RBA Holds Key Rate as Economy Withstands Global Slowdown

Australia Holds Key Rate as Economy Withstands Global Slowdown
The central business district is seen illuminated at dawn alongside the Harbor Bridge in Sydney, Australia. Photographer: Ian Waldie/Bloomberg

Australia maintained the highest benchmark interest rate among major developed economies as domestic demand weathers a global slowdown that’s driving down the price of iron ore, the nation’s biggest commodity export.

Reserve Bank of Australia Governor Glenn Stevens and his board left the overnight cash-rate target at 3.5 percent, according to a statement today in Sydney. While domestic consumption was “quite firm” in the first half of the year, commodity prices have fallen “sharply” in recent months and China’s growth outlook is more uncertain, he said.

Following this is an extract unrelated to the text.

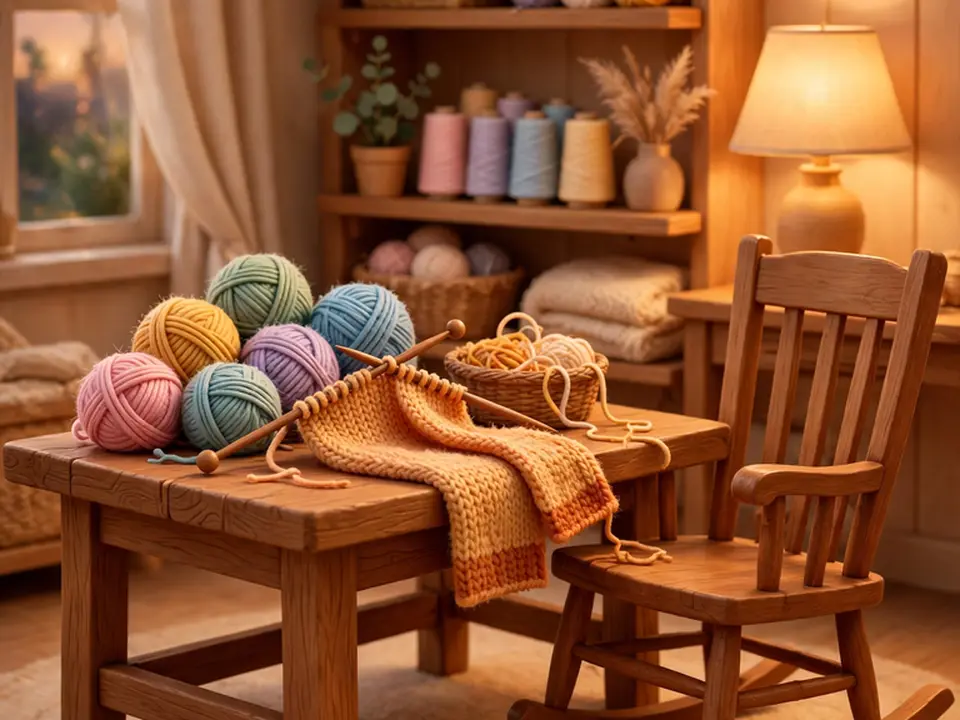Knitting Pattern Atelier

In Australia, “growth has been running close to trend, led by very large increases in capital spending in the resources sector,” Stevens said. “Labor market data have shown moderate employment growth, even with job shedding in some industries, and the rate of unemployment has thus far remained low.”

The currency rebounded from near a six-week low after the decision as investors pared bets on rate reductions. While Europe’s fiscal crisis is weighing on global growth and Chinese demand, Stevens’s 75 basis points of cuts in May and June helped spur domestic spending and stabilize the housing market in an economy that’s avoided a recession for 21 years.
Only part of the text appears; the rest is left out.